CHAPTERS 13, 14 AND 15

We have here exhortations as to the Christian’s attitude to “the powers that be” seeing they are “ordained of God;” to render to all men their dues; to owe no man anything, save love, which cannot be repaid, save in responsive love. Then the believer is exhorted to be tender with his weak-minded brother, who might be stumbled by his actions, lawful and according to God though they might be. The strong ought to bear the infirmities of the weak. Then the Apostle comes to speak of himself as the minister of Jesus Christ to the Gentiles, and how he sought to carry out this ministry. Finally he speaks of wishing to visit them in person whenever he took the journey he wished to take into Spain.

CHAPTER 16

He begins by commending Phoebe of Cenchrea, who was the messenger to carry the manuscript of this wonderful Epistle to the great metropolis of the world, that they should receive her as becomes saints. He semis his salutations to a number of the saints in the assembly at Rome, including four of his own relatives in the flesh, and to quite a few sisters by name. He warns them against divisions and offences contrary to the doctrine they had learned, and to avoid those, who would bring these things about. Then he sends the salutation of the whole of the Corinthian assembly, mentioning specially by name a few, who were with him at the time.

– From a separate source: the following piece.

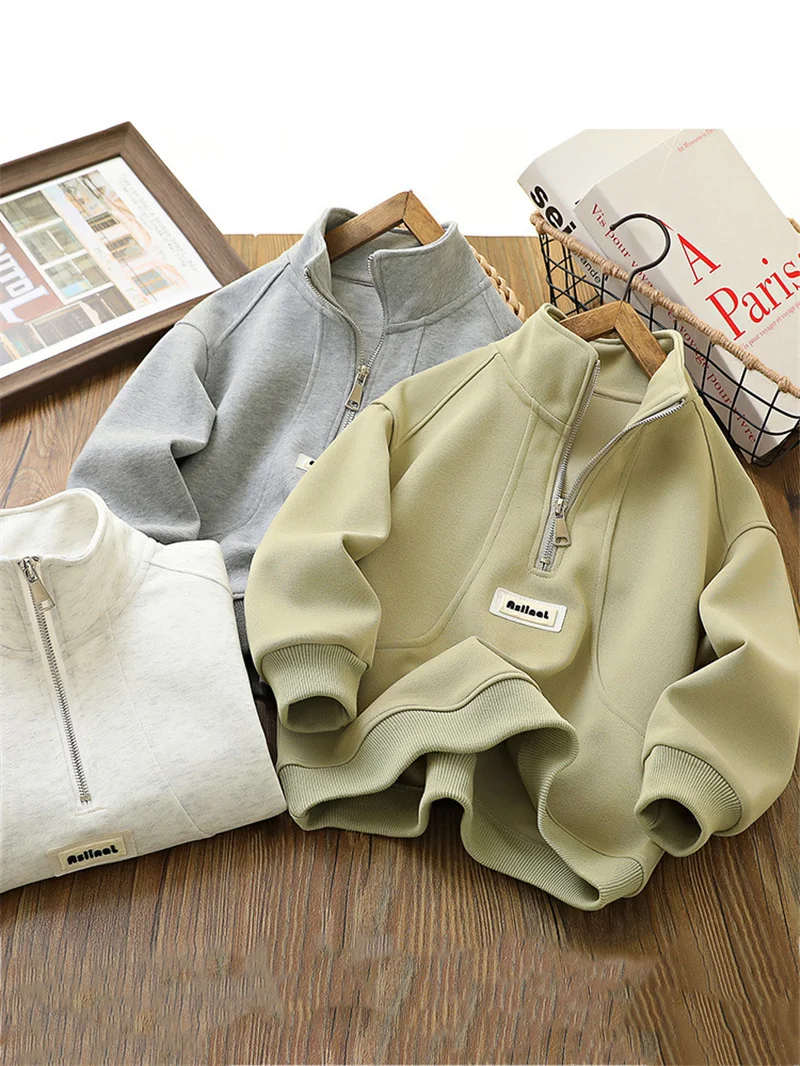 

Boys Casual Sweatshirts Kids Long Sleeved Pullover Teen Fashion Half-zip Outerwear Costume Children Clothes 4-14 Years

Finally, the last three verses of this remarkable Epistle are of rare value. They link on the preaching of the Gospel of the grace of God with the revelation of the mystery of God, of which we read in the Epistles to the Ephesians and Colossians. This shows how all truth is co-related, how the Gospel leads on to assembly truth, the truth of the Church, blessing going out to the Gentiles, the mystery hid from all ages, now to be made known to all nations for the obedience of faith. So if the beginning of this Epistle gives us the foundation, the end of it indicates the top-stone of the great edifice of God.

So the Epistle ends, “To God only wise, be glory through Jesus Christ for ever. Amen.”